El timbre del último aviso retumbo en sus oídos. Sólo faltaban treinta segundos para la gloria, o tal vez, para el desastre. Tranquila; muy concentrada; la mirada fija en algún punto del infinito, en ninguna parte; poco a poco se dirige hacía el final de la plataforma. Al llegar al borde, se para; mira a su alrededor. Todos, diez metros más abajo, la observan.

Las enfermeras de guardia llegan al momento, le rodean, y tras verificar que se trata de un nuevo ataque, se preparan para la reanimarle. Gritos, prisa. El boca a boca no es efectivo. Todos los esfuerzos son inútiles. Todo ha acabado. El anciano, desde su inconsciencia, se da cuenta de todo el ajetreo, pero no siente nada.

Ella, desde la plataforma más alta, contempla la ciudad a sus pies. Nunca ha visto nada tan hermoso en su vida. Faltan diez,… cinco segundos. Se prepara para el salto final.

El pasillo es largo, amplio, más blanco que el reflejo de la luz del Sol sobre las nieves eternas. El anciano viaja, levita hacía el final del túnel.

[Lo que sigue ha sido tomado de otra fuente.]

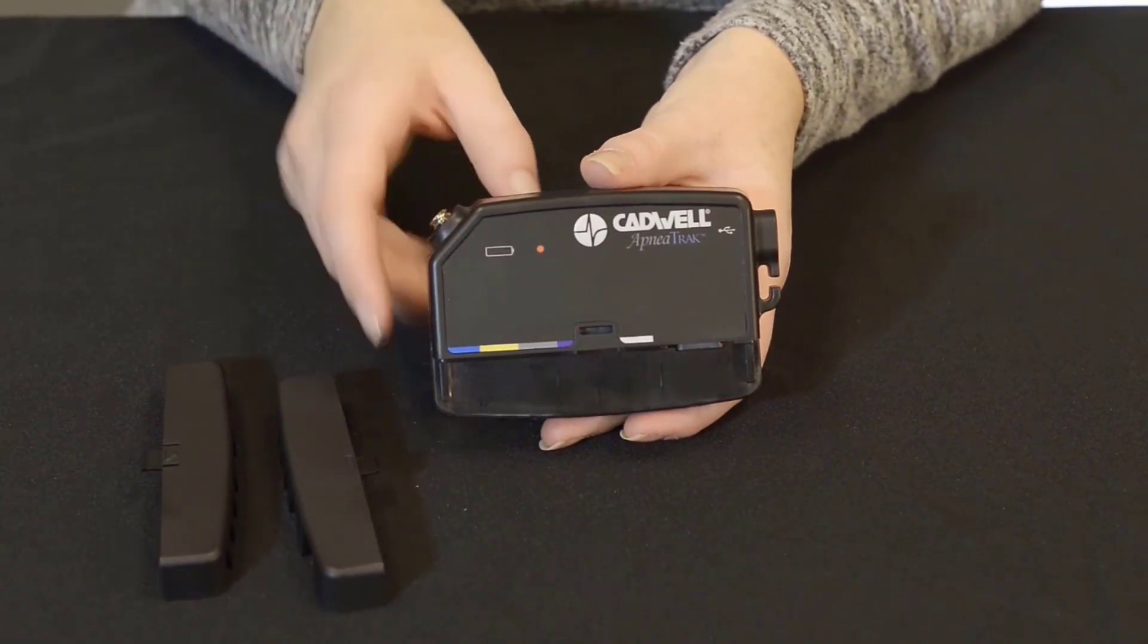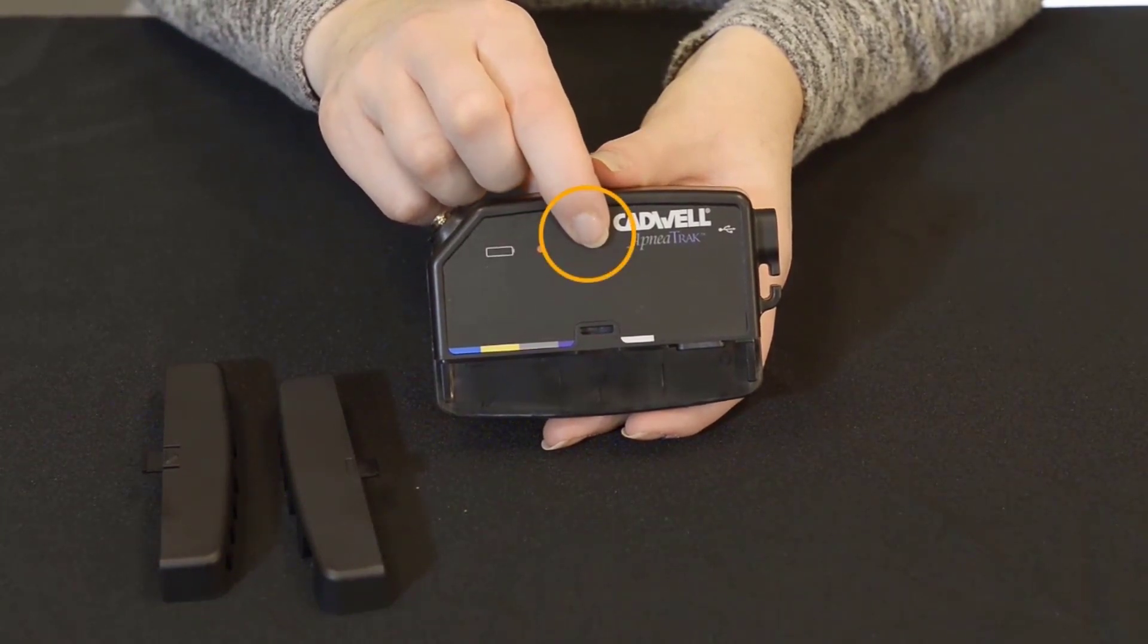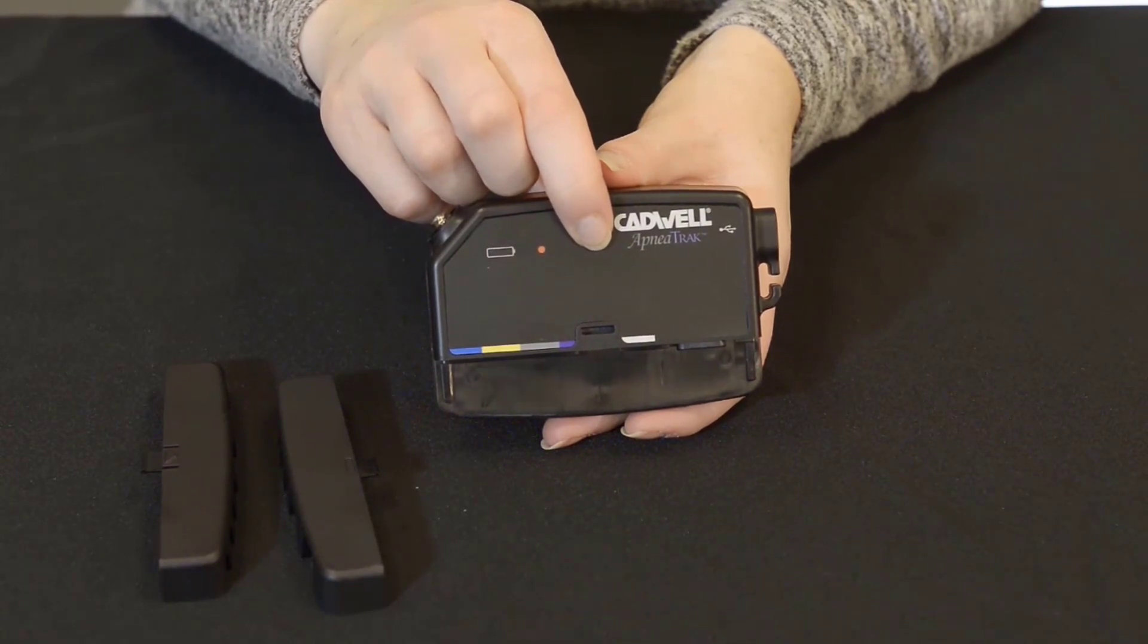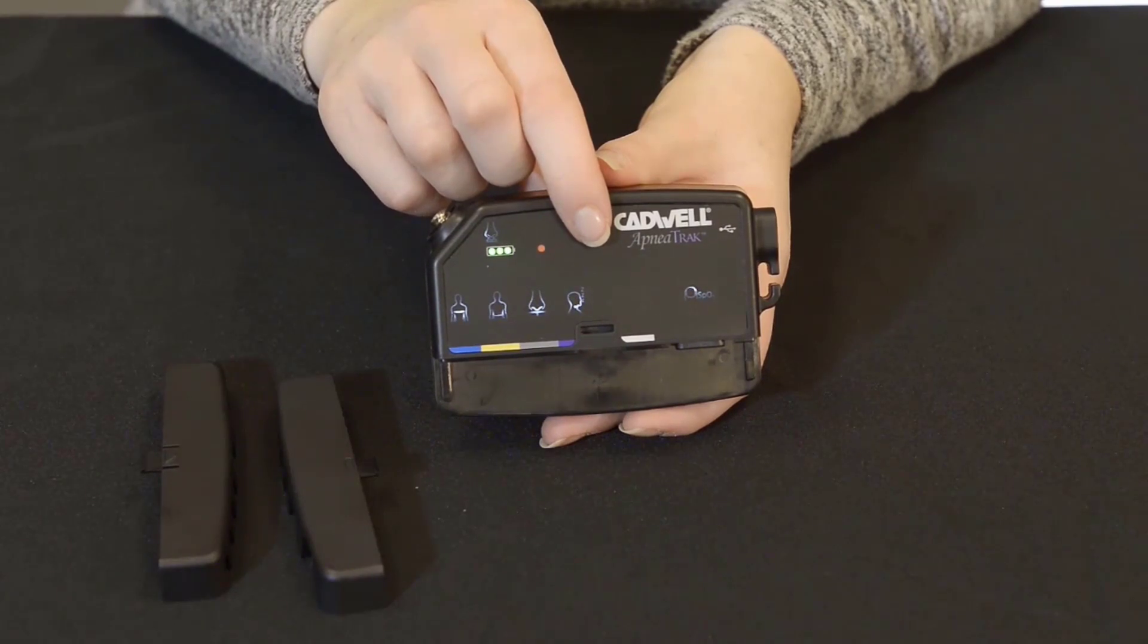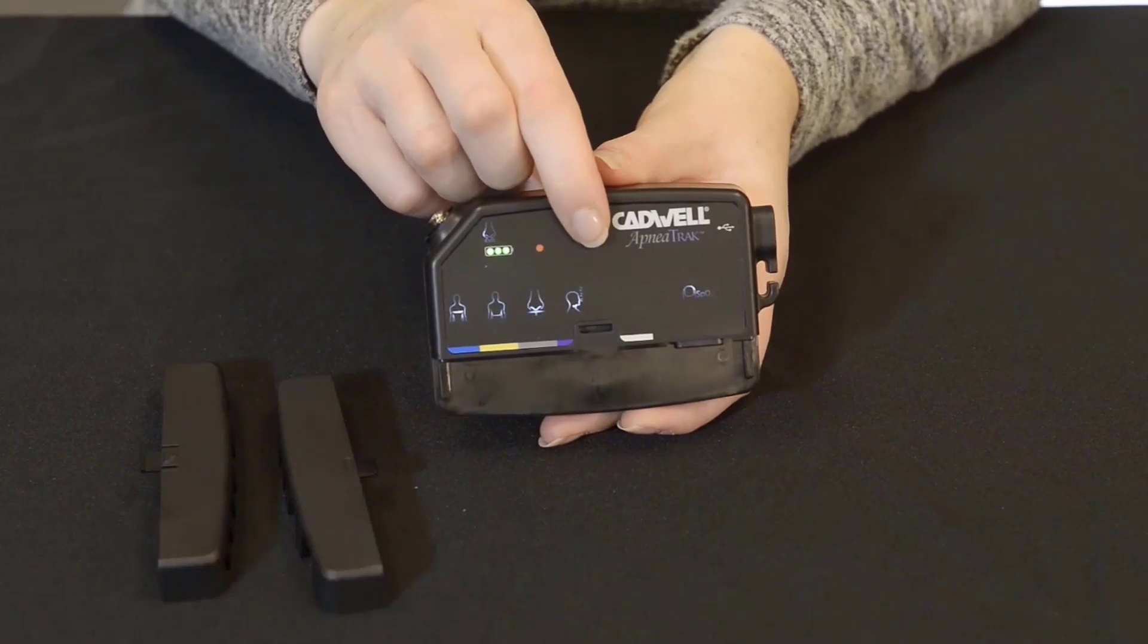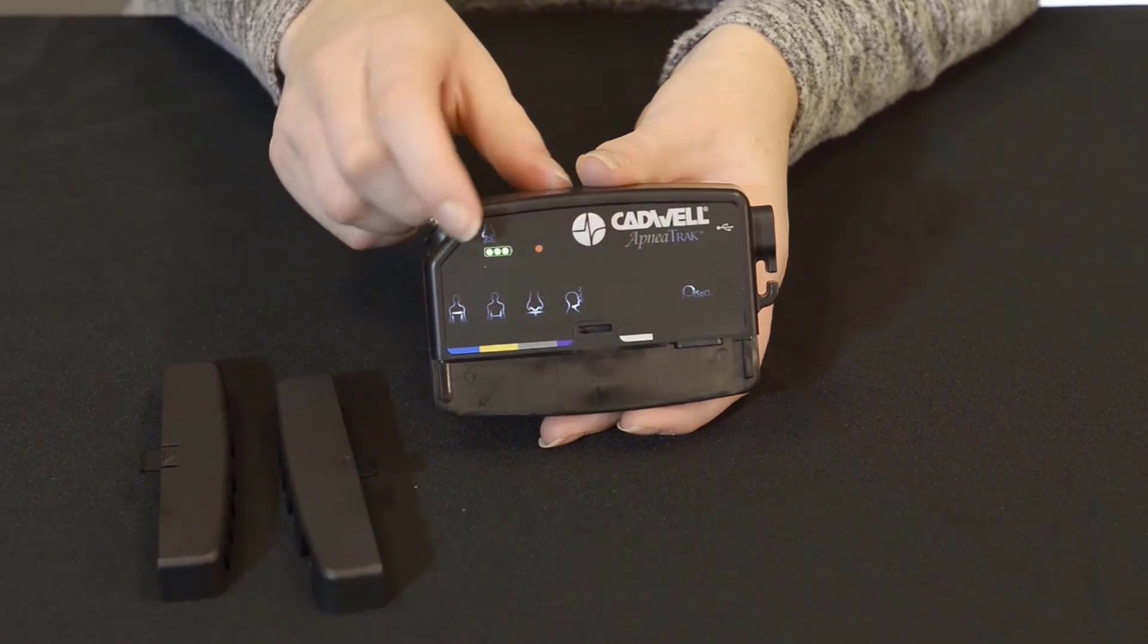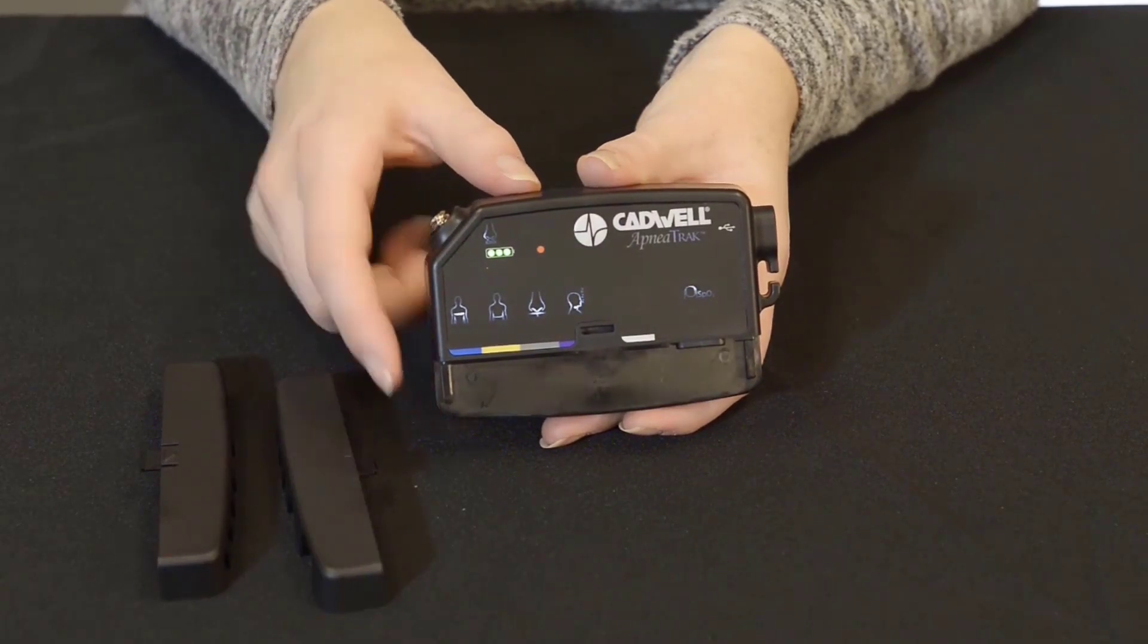On the top, centered on the device, is an event button. The button can be used to check the status of the device, start a recording, or place an event during the recording. Pressing the button at any time will cause all configured recording channels to illuminate for 10 seconds. Pressing the button again while illuminated will extend the light for another 10 seconds. You can also see the state of the device when the button is pressed.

Un bote, dos, tres y salta. Vuela limpiamente por el cielo de Barcelona con las torres de la Sagrada Familia emergiendo en el fondo. Por un instante, en lo más alto, se detiene, gira sobre sí misma, una, dos, tres veces; y con una velocidad de vértigo cae hacia el azul del incólume agua de la piscina que se asemeja al cielo limpio tras la tormenta en una iluminada tarde de primavera.

Son unos segundos interminables. La caída se hace eterna, viendo como, poco a poco, el agua se acerca. El túnel no acaba, no tiene final. La ansiedad, el ritmo aumenta. El agua cada vez más cerca. El final del túnel se aproxima De pronto todo es blanco. La superficie del agua es rota por la entrada, como una flecha, de Min Gao.

El fina del túnel ha llegado, el corazón ya no late. Las ondas de la línea de las pulsaciones es plana. Ya no late, el final ha llegado. Todo es silencio.

La nadadora, tras unos segundos en el fondo de la piscina, sale a la superficie. El clamor de los aplausos del público es ensordecedor. Es la gloria.

La habitación se queda silenciosa; la pantalla sigue iluminando el cuarto. Unos ojos sin vida se fijan en ella. La chica sonríe, respira. Su espectador, con una sonrisa en los labios, sigue mirando sin ver.

El zumbido del televisor llena el silencio de la habitación. Todo ha terminado.